Describing continued criticisms over the sale and change in management announced by Proton in July 2005 as “uninformed speculation”, the national car company said there was “a refusal among some to acknowledge explanations provided earlier”.

Proton was obviously referring to its adviser and former Prime Minister Tun Dr Mahathir Mohamad and its former chief executive officer Tengku Tan Sri Mahaleel Tengku Ariff who have continued their criticisms over these matters.

“There were no operational, engineering, and technological synergies between Agusta and Proton. This has been independently confirmed by Proton’s appointed advisers. Proton manufactures cars for the masses while Agusta manufactures motorcycle,” the company said in a statement Friday.

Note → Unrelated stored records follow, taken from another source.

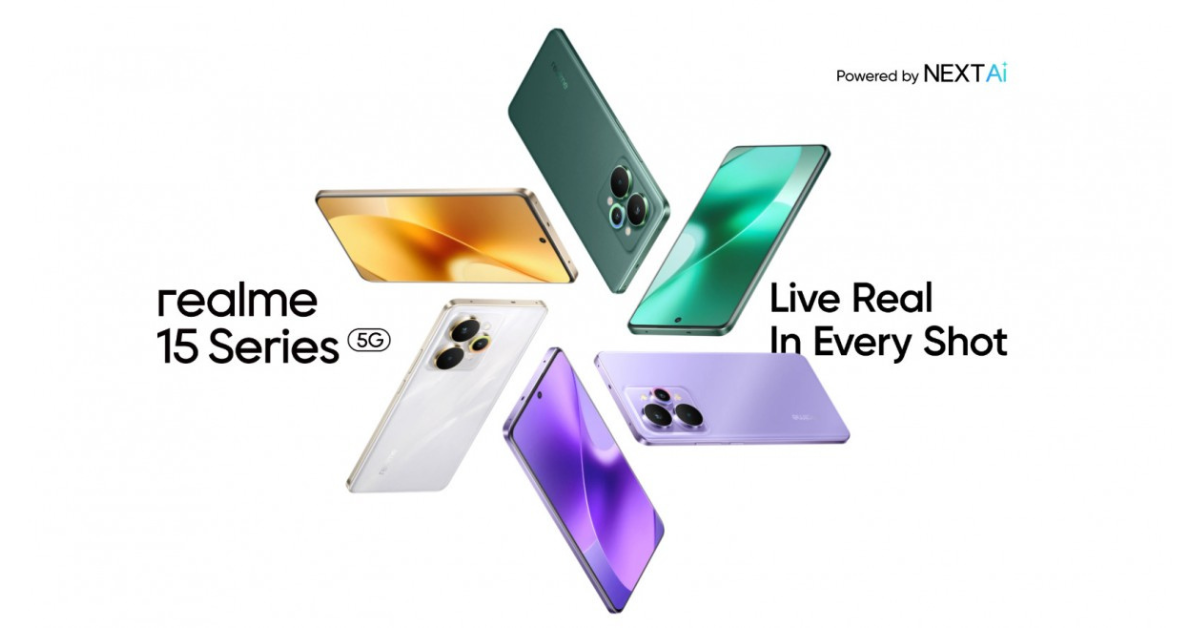 เปิดตัว Realme 15 และ Realme 15 Pro อัปเกรดจัดเต็ม แบตเตอรี่ 7,000 mAh ชาร์จเร็ว 80W!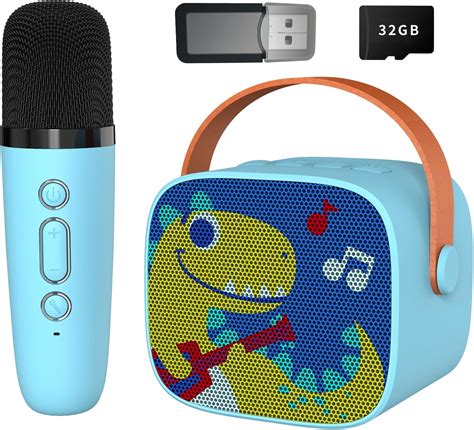 Snowall Mini máquina de karaoke para niños altavoz Bluetooth portátil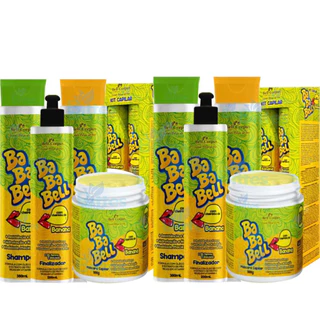 KIT 2 BANANA BELL CORPUS COSMÉTICOS HIDRATAÇÃO CAPILAR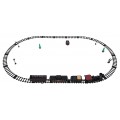 Transport Retro Train with Light, Sound and Smoke Function 172cm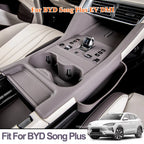 Fit For BYD Song Plus EV DMI 2020-2025 Central Control Panel Protective Pad Wireless Charging Silicone Pad Water Cup Holder Trim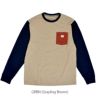 パタゴニア (PATAGONIA) ロングスリーブ ショップ ステッカー ポケット レスポンシビリティー L/S Shop Sticker Pocket Responsibili-Tee 長袖ポケットTシャツ ロンT 37763 GRBN (Grayling Brown)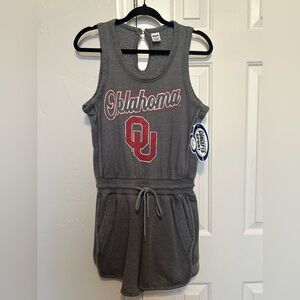 Gray Oklahoma Sleeveless Romper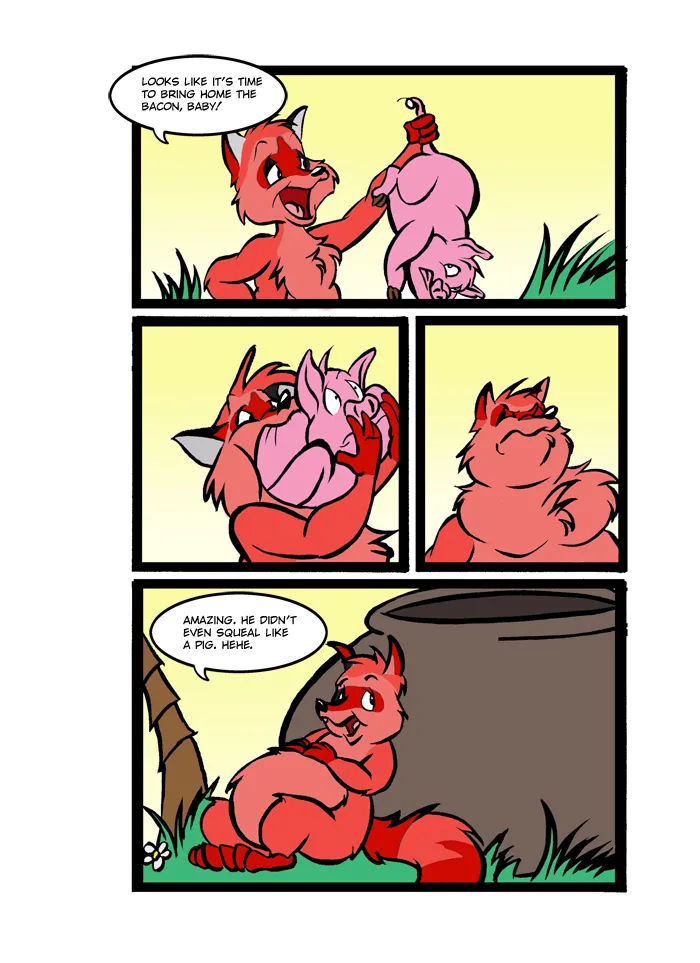 The Adventures of Ragnar Wolfcoon: Taste the Rainbow page 5 full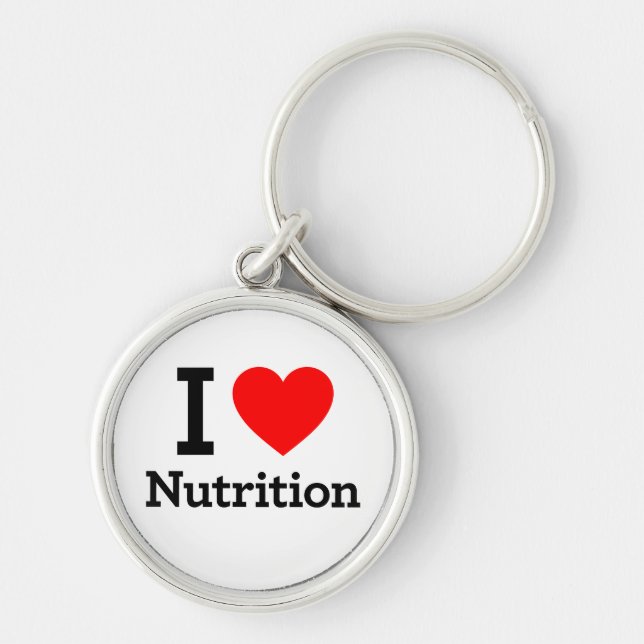I Love Nutrition Key Ring (Front)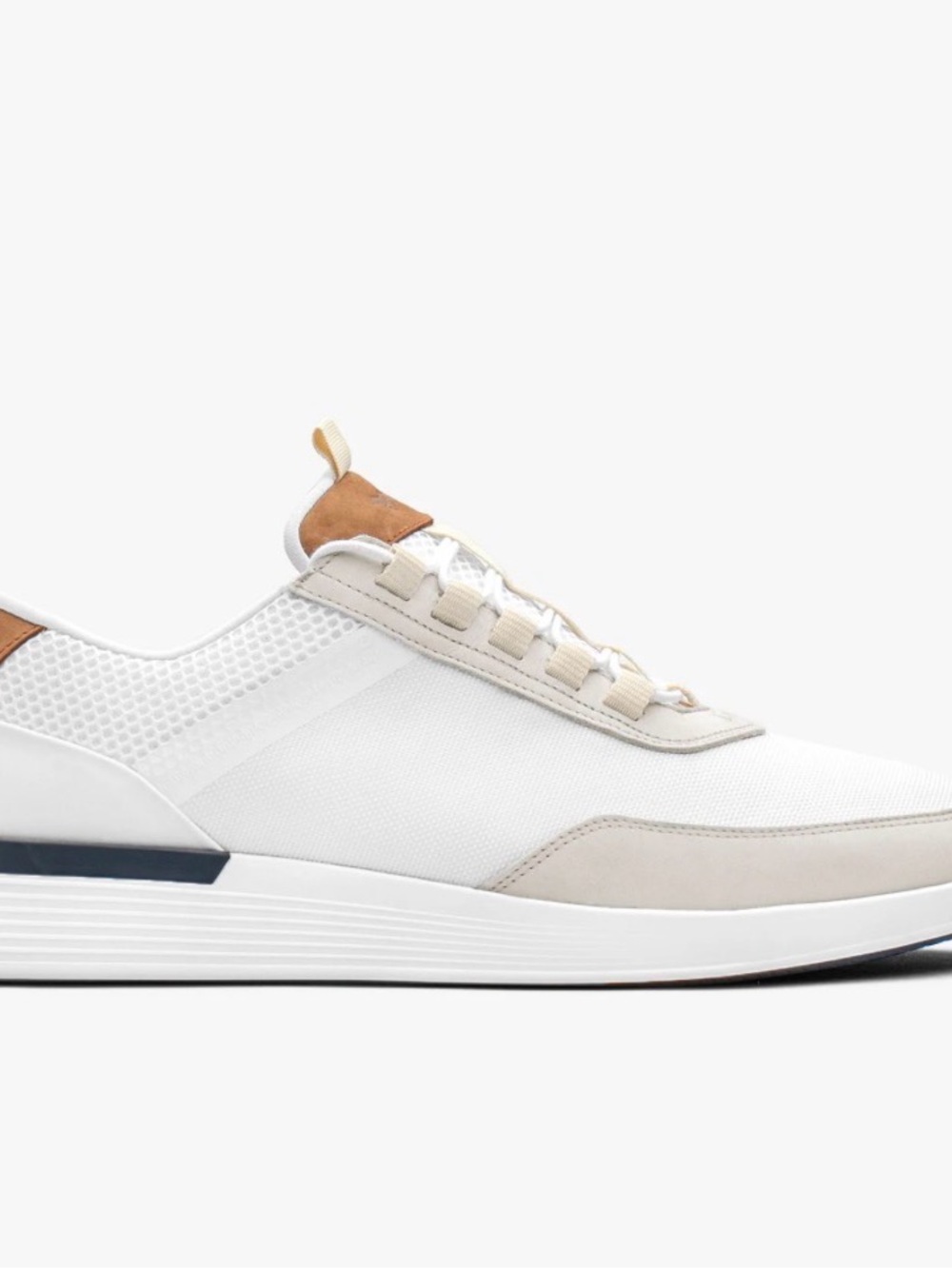 Men's Wolf and Shepard White & Tan Trend Sneakers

The saga began to unfold on June 28, 2005, when Tengku Mahaleel, in an interview with a vernacular paper, complained that the government was not supporting Proton enough and that it was being treated unfairly.

His last salvo on the matter was at a press conference at his house in Damansara here on April 14, where he claimed that key questions raised by himself and Dr Mahathir have not been answered, among which was the loss that Proton, which bought MV Agusta for RM500 million, incurred when it sold its stake in the Italian company for one euro.

Proton bought a 57.75 percent stake in MV Agusta in December 2004 for 70 million euro (RM367.6 million).

The current management sold the stake to Italy’s GEVI Spa, which also assumed the motorcycle maker’s 107 million euro debt.

Proton said the entire purchase consideration of RM367.6 million was treated as goodwill and written off in the financial year ended March 31, 2005.

The additional provisions relating to MV Agusta in the accounts of the Proton group for the financial year ended March 31, 2006, amounted to RM136.2 million.

“In the event MV Agusta falls into bankruptcy, Proton would have been subjected to a contingent liability for an amount of up to RM923.1 million,” Proton said.

The company also reiterated that the decision to dispose the stake in MV Agusta was after careful consideration of the financial and operational implications to the Proton group, both in the immediate as well as the long term.

“The primary consideration was to minimise future potential losses for the group,” it said.

According to Proton, it wants to put the matter to rest as it needs to move forward to focus on its core business, which is designing, engineering, manufacturing and selling cars that appeal to the market.

“The key challenge now for Proton is to achieve real progress and advancement in this very competitive global automotive industry,” the company said.